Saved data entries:
• • • • •

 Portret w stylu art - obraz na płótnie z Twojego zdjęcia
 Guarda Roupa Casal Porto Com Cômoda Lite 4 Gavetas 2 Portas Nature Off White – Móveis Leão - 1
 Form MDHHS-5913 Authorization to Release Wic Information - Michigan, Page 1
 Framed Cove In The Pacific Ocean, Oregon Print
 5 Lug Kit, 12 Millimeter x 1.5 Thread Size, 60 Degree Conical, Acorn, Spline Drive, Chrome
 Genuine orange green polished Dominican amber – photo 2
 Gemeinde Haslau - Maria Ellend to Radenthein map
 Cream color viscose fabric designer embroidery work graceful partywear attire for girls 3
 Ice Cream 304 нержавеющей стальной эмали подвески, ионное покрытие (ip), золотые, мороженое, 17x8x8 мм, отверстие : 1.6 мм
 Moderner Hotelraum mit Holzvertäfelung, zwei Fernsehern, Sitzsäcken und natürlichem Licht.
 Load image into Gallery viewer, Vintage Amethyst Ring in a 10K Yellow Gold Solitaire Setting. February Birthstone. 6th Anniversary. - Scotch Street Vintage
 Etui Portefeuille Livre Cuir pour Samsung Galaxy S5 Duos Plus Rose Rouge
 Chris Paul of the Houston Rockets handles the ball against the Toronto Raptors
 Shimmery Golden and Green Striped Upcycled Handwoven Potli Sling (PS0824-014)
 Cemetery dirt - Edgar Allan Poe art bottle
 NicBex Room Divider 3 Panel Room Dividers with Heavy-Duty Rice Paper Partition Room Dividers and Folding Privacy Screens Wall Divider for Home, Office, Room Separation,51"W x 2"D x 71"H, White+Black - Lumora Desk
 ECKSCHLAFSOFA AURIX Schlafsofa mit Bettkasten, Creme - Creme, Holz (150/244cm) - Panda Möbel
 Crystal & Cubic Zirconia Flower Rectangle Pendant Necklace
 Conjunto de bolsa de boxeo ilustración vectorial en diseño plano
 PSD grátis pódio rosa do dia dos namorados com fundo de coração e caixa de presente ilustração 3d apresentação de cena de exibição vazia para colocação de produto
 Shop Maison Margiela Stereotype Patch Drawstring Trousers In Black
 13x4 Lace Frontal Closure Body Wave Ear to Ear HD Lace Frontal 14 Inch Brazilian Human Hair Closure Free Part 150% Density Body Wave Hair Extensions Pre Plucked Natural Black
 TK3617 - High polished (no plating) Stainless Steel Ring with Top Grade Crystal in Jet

• • • • •

AIM OF THE EXERCISE:
Copy out only the lines running from the beginning of the data to the line with "Load image into", both ends included.

REPLY:
 Portret w stylu art - obraz na płótnie z Twojego zdjęcia
 Guarda Roupa Casal Porto Com Cômoda Lite 4 Gavetas 2 Portas Nature Off White – Móveis Leão - 1
 Form MDHHS-5913 Authorization to Release Wic Information - Michigan, Page 1
 Framed Cove In The Pacific Ocean, Oregon Print
 5 Lug Kit, 12 Millimeter x 1.5 Thread Size, 60 Degree Conical, Acorn, Spline Drive, Chrome
 Genuine orange green polished Dominican amber – photo 2
 Gemeinde Haslau - Maria Ellend to Radenthein map
 Cream color viscose fabric designer embroidery work graceful partywear attire for girls 3
 Ice Cream 304 нержавеющей стальной эмали подвески, ионное покрытие (ip), золотые, мороженое, 17x8x8 мм, отверстие : 1.6 мм
 Moderner Hotelraum mit Holzvertäfelung, zwei Fernsehern, Sitzsäcken und natürlichem Licht.
 Load image into Gallery viewer, Vintage Amethyst Ring in a 10K Yellow Gold Solitaire Setting. February Birthstone. 6th Anniversary. - Scotch Street Vintage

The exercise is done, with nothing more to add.